══ Extracted entries

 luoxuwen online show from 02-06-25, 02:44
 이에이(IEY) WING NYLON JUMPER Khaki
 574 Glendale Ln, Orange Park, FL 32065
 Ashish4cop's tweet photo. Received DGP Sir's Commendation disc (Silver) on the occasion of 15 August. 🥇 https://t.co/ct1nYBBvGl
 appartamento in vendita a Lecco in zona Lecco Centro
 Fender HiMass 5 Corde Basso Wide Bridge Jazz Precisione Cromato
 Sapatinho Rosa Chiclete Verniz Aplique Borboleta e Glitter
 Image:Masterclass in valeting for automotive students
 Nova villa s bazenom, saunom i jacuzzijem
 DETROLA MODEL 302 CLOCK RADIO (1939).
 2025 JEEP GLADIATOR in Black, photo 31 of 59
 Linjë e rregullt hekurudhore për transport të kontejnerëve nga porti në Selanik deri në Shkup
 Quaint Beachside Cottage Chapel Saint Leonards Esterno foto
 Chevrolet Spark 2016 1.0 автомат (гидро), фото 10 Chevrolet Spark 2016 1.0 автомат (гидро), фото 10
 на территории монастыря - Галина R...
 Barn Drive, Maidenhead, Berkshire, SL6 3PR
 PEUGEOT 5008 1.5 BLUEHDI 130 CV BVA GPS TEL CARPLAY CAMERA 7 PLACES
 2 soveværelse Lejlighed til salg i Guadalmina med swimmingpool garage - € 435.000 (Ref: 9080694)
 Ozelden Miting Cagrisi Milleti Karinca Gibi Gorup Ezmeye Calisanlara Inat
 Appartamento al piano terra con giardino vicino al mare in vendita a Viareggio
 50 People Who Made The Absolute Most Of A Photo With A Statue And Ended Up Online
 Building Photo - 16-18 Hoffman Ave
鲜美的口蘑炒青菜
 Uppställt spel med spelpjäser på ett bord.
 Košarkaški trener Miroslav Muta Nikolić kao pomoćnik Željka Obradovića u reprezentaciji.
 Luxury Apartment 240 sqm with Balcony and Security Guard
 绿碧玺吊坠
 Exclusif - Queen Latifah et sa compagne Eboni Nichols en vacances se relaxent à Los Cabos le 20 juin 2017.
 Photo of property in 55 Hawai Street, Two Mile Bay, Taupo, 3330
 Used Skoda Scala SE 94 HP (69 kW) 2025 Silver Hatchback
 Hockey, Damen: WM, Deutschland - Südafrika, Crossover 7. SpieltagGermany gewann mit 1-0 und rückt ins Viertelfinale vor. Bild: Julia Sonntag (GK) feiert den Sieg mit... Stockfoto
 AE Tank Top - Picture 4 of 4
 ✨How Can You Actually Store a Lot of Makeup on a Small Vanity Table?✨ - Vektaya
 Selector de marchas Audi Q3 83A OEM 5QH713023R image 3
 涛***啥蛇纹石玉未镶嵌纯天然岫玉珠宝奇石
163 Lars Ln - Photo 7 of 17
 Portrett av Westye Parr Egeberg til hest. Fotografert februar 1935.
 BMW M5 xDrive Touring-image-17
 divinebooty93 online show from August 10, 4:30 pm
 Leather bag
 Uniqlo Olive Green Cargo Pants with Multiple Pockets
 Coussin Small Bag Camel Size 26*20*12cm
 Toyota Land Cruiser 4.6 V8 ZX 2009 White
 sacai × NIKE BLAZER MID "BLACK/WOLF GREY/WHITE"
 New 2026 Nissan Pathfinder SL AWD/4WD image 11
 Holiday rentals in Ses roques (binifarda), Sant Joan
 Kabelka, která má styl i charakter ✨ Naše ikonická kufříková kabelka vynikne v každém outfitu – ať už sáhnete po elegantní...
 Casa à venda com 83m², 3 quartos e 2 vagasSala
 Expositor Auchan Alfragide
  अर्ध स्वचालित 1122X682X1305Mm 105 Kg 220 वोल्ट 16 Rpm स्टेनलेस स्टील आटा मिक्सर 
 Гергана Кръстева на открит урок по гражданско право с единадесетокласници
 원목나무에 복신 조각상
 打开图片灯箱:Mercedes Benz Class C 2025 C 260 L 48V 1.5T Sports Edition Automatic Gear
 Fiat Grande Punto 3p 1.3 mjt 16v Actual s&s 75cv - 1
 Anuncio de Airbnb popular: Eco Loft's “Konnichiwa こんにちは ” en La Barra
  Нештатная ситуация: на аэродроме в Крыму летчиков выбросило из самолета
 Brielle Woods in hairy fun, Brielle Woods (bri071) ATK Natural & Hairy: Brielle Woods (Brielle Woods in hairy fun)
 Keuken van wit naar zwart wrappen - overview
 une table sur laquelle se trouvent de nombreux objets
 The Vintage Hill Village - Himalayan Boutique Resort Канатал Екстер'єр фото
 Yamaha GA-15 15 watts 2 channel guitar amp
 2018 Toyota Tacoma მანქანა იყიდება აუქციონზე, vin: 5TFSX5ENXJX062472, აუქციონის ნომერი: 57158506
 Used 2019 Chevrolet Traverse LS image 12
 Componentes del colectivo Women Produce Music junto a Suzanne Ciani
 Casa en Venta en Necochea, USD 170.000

════

An exact copy of the lines above, from the one containing "अर्ध स्वचालित 1122X682X1305Mm" down to the one containing "Anuncio de Airbnb" and including both, is the whole answer; retype it and nothing else.

  अर्ध स्वचालित 1122X682X1305Mm 105 Kg 220 वोल्ट 16 Rpm स्टेनलेस स्टील आटा मिक्सर 
 Гергана Кръстева на открит урок по гражданско право с единадесетокласници
 원목나무에 복신 조각상
 打开图片灯箱:Mercedes Benz Class C 2025 C 260 L 48V 1.5T Sports Edition Automatic Gear
 Fiat Grande Punto 3p 1.3 mjt 16v Actual s&s 75cv - 1
 Anuncio de Airbnb popular: Eco Loft's “Konnichiwa こんにちは ” en La Barra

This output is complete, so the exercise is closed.